The book is a product of a research project led by Karin Winroth, a business scholar at Södertörn University, including also Hans Kjellberg and Jesper Blomberg, both Associate Professors at the Stockholm School of Economics.
Several overlapping Markets are called ‘the Financial Market’
Karin Winroth explains that the various experts who participate in the stock market or its auxiliary services, perceive of corporate shares in various ways depending on their professional tasks.
What in everyday language is referred to as ‘the financial market’ is actually several different markets that partially overlap. This can for instance be the primary and secondary stock market, currency markets, and bond markets. Depending on what the experts work with, they will refer to different parts of these markets in their discussions and recommendations.
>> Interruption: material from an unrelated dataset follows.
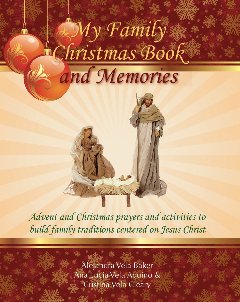9780615313313: My Family Christmas Book and Memories: Advent and Christmas prayers and activities to build family traditions centered on Jesus Christ. (Hardcover -Nov 2009)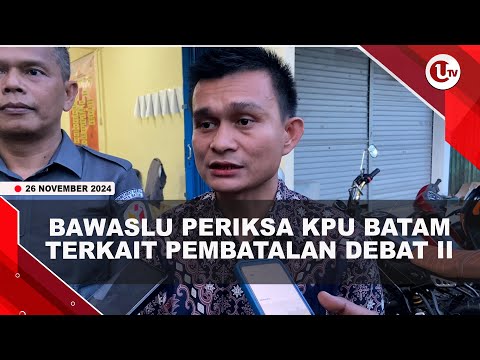 BAWASLU PERIKSA KPU BATAM TERKAIT PEMBATALAN DEBAT II| U-NEWS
When the media report on the financial markets there are thus different stories presented depending on whether they are talking with an analyst, a trader, a broker or a corporate banker.
It’s not surprising that the functioning of financial markets are hard to grasp, as these different experts will refer to various parts when commenting upon the markets.
The new book is intended to illuminate how the practices of the experts’ contribute to how financial markets are shaped and are understood. Whether actors within the markets take interest in such information probably varies.
– The actors in financial markets can in some respects benefit from a fuzzy conception of the markets, says Karin Winroth. This makes it easier to blame the ‘invisible hand’ of the market, and they can thereby avoid taking full responsibility for activities that they participate in.
The new book introduces the reader to the financial world. It focuses on stocks, stock markets and the experts working within these markets. It describes in everyday terms the various practices of the expert work involved in what is called investment banking and how this section of the ‘financial machinery’ functions. The analyses focus upon the consequences these practices have for investment banks, investors, and corporations.
The book follows the route of a share through the system, which provides an understanding of what the various experts do. The practice of each expert group is presented in separate chapters and analyzed. This is followed by one chapter analyzing the interplay of the experts and a final chapter presenting the experts contribution in the enactment of the financial markets.
The authors have interviewed several people with experience from Swedish and international investment banks. As the practices of investment banking are international, the findings of the project are relevant globally.
The comprehensive data presented in the book is unique. It is moreover unusual to find studies that cover all four expert groups involved in investment banking and their interaction.
The research project “Organizing the Multi-Professional Market Maker” is funded by the Bank of Sweden Tercentenary Fund.